Devon’s parliament

Sometimes, just a word on an Ordnance Survey map can ignite curiosity, especially when that word is written in a fancy Old English font. An example is Parliament, marked on the map a few miles from Brixham, in South Devon. To what “Parliament” does that refer?

On the ground, Parliament is made up of a couple of cottages called, not surprisingly, Parliament Cottages.


The proximity of Parliament to Brixham should have been a clue. For it was at Brixham Harbour, in 1688, that William of Orange landed in the so-called “Glorious Revolution”.


A stone (above) in the garden of the cottages reveals the origin of the name of the cottages. The inscription is not easy to read, but says:

William Prince of Orange is said to have held his first Parliament here in November 1688

That may answer the initial query about the place name, but it raises more questions about the historical background to all this.

What was happening in this quiet corner of Devon in 1688, and why?

The historical background

In 1685, James II ascended to the throne of England, Scotland, and Ireland (James VII of Scotland). Crucially for the events that would follow, he was a Catholic.

Initially, this did not create a problem for the English Parliament. Despite earlier attempts to exclude James from the succession, Parliament tolerated the new monarch. The English Civil War had ended only 34 years earlier and its horrors were probably still fresh in people’s memories. Despite James making frequent use of the dispensing powers of the monarch and promoting Roman Catholics in numerous institutions, such as the Army and Oxford University, no moves were made against him. Even when the Duke of Monmouth, an illegitimate son of Charles I and a Protestant, landed at Lyme Regis in 1685, the population did not turn against James, and the Duke was easily defeated.

The uneasy status quo changed in 1688. Parliament, and the hierarchy of the Anglican Church, may have been willing to put up with a Catholic monarch until his death, but they baulked at the idea of a Catholic succession. On 10th June, 1688, James’ wife, Mary, gave birth to a son. This was unacceptable to the Establishment. A rumour, probably unfounded, quickly spread that the baby was a changeling, smuggled into the Queen’s apartments in a warming-pan. He was christened James Edward Stuart, later to become better known as the Old Pretender, and father of Bonnie Prince Charlie.

It was in this atmosphere that leading Parliamentarians and Anglicans invited the Dutch Prince William of Orange to invade. As a grandson of Charles I, William had only a tenuous link to the throne; his wife, Mary, daughter of James II, had a much stronger claim to the succession.

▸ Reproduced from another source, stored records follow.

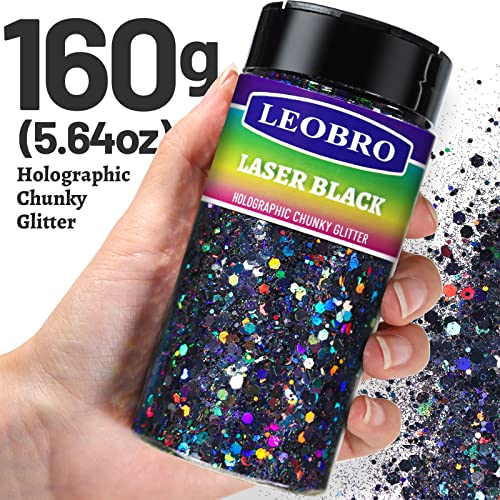 LEOBRO Black Glitter, Holographic Chunky Glitter, 160G/5.64OZ Glitter, Craft Glitter for Resin, Metallic Iridescent Chunky Fine Glitter Sequin Flake - WoodArtSupply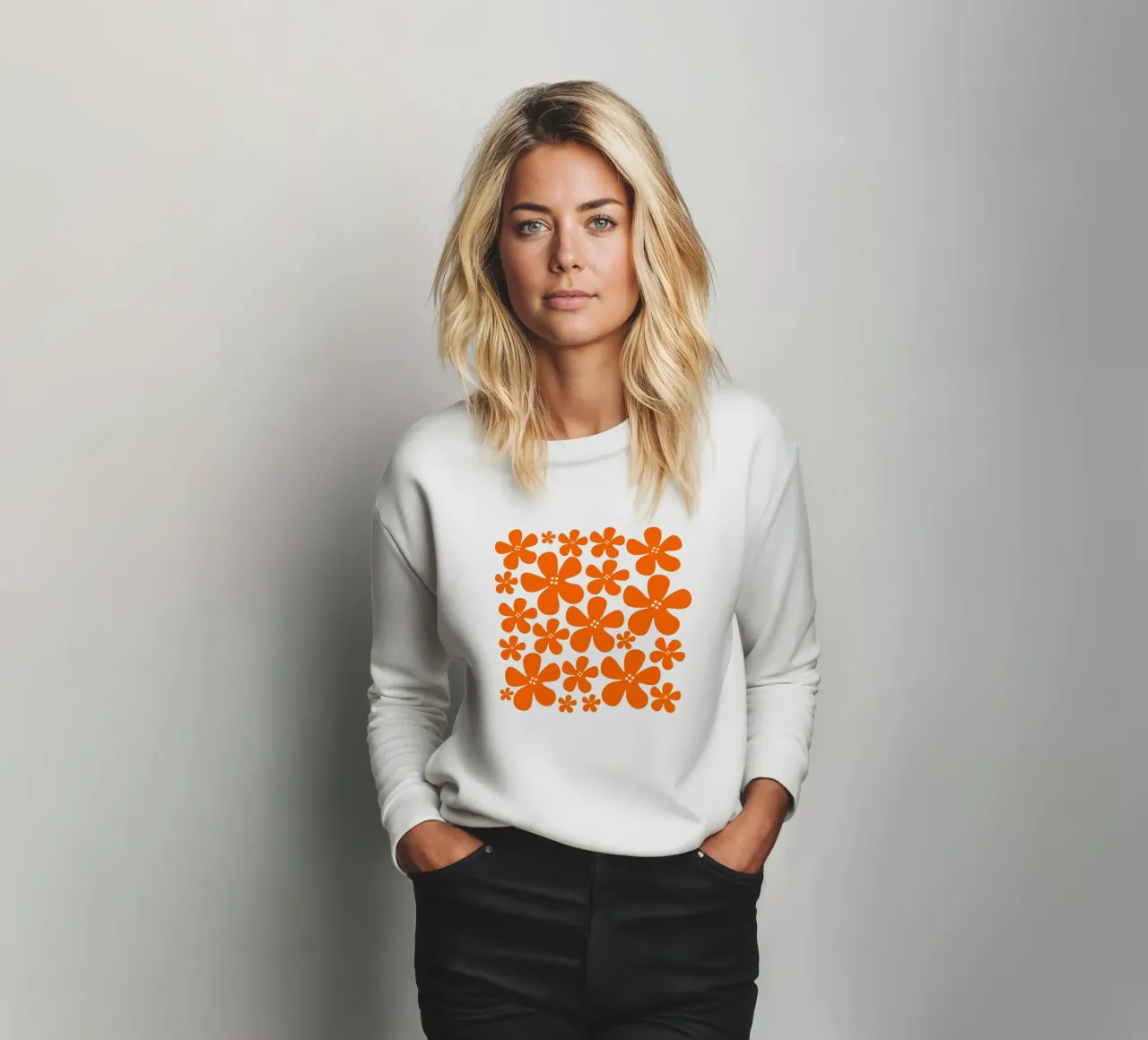 Orange flowers pattern felpa da baobabprintstore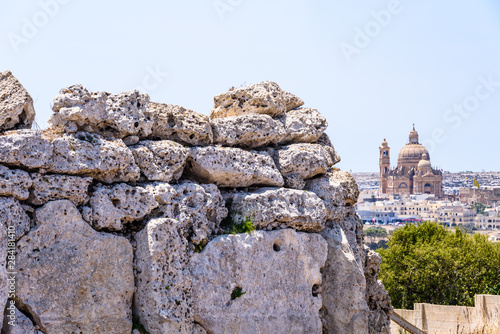 Ancient megalithic temple of Gigantija, Xaghra, Gozo, Malta. photo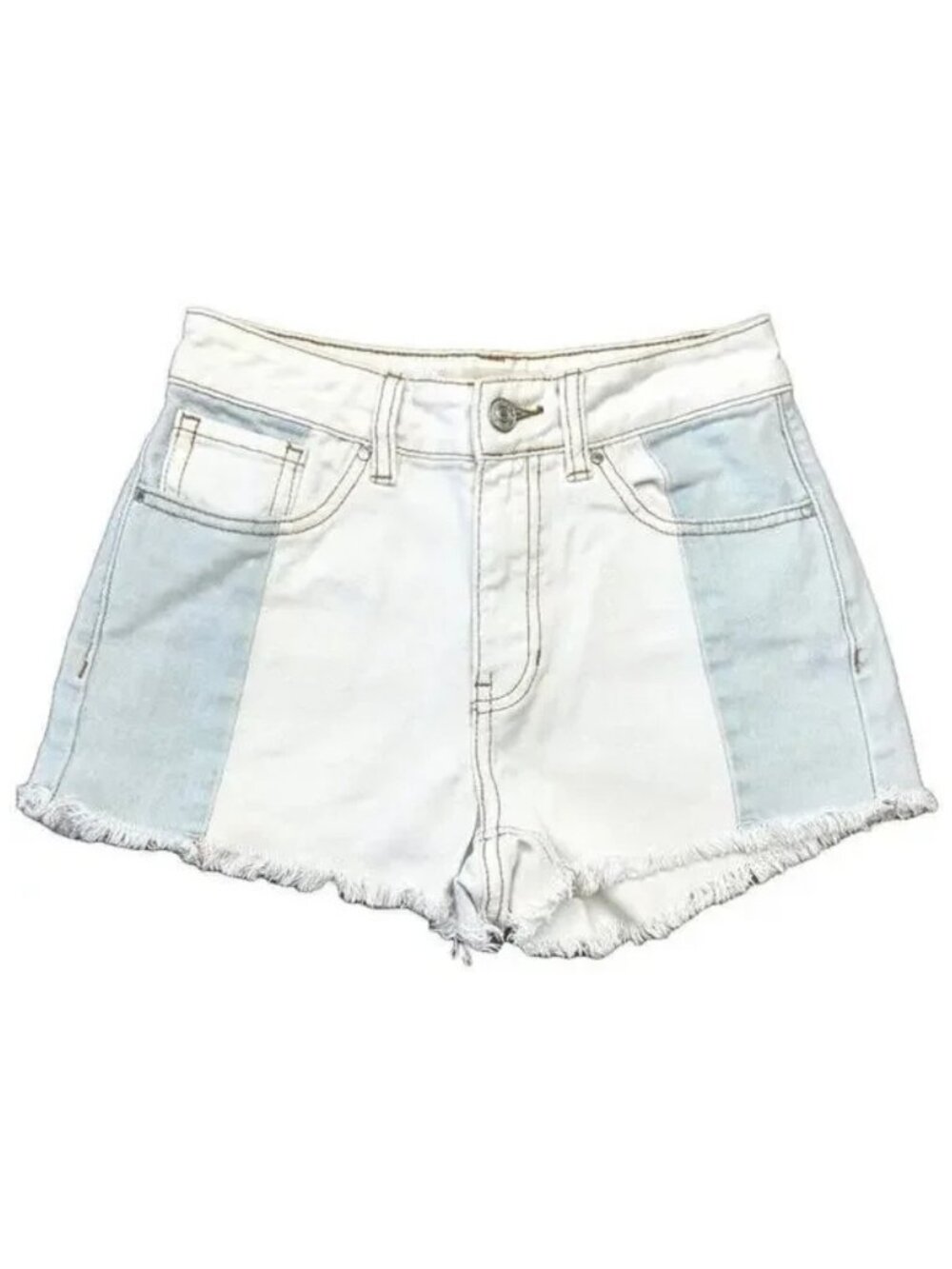 PacSun Two Tone Denim Mom Shorts 23 (00 XS) High Rise Frayed Y2K Festival NWOT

So it was that William of Orange landed at Brixham Harbour on 5th November, 1688, accompanied by an estimated 15,000 to 20,000 troops. The date was propitious: the 83rd anniversary of the discovery of Catholic conspirators attempting to blow up a Protestant king in the Gunpowder Plot.


The stone on which William supposedly first set foot on English ground is encased in a monument (above) on Brixham seafront.


Why Brixham? It’s difficult to say; there is evidence that the English suspected he might land at Hull, or Sole Bay in Suffolk. In reality, William may have been unconcerned about where he might land. Unlike the Duke of Monmouth, who relied on garnering local support and thus chose the West Country deliberately, William of Orange had 15,000 experienced troops, and was not dependent on the English to swell his ranks. It may, though, have been his plan to land some distance away from the capital, in the hope that James’ position might collapse during a slow advance towards London.


Following his landing, William headed inland. There is a cottage at Yalberton, some six miles from Brixham, called King William’s Cottage, and it is thought that William of Orange may have stopped here to take refreshment.

willy cottae

William continued along the narrow Devon lanes for a further three miles, which brought him to a farmhouse near the hamlet of Aish. Here, he met up with Sir Edward Seymour, an influential privy counsellor and opponent of James II, together with a number of unnamed “Gentlemen of the West”. This meeting has been termed his first Parliament on English soil.

Thus, a farm in rural South Devon wrote itself into the fabric of the history of England.


Why visit?

If the historical value is not enough, Brixham has much to offer as a harbour and seaside resort. The harbour contains a replica of Drake’s Golden Hind, and the long outer breakwater is an exhilarating walk. The steeply-set cottages of the town are much photographed, and the vicar of All Saints’ Church composed the hymn Abide With Me. I will certainly be returning to Brixham in future posts.

Getting there

Although it is not easy to park near Parliament Cottages, they are within walking distance, along quiet lanes, of both Totnes and Stoke Gabriel. All the places mentioned also lie on the Orange Way, an unofficial 350 mile long distance footpath which follows the route of William of Orange from Brixham to London.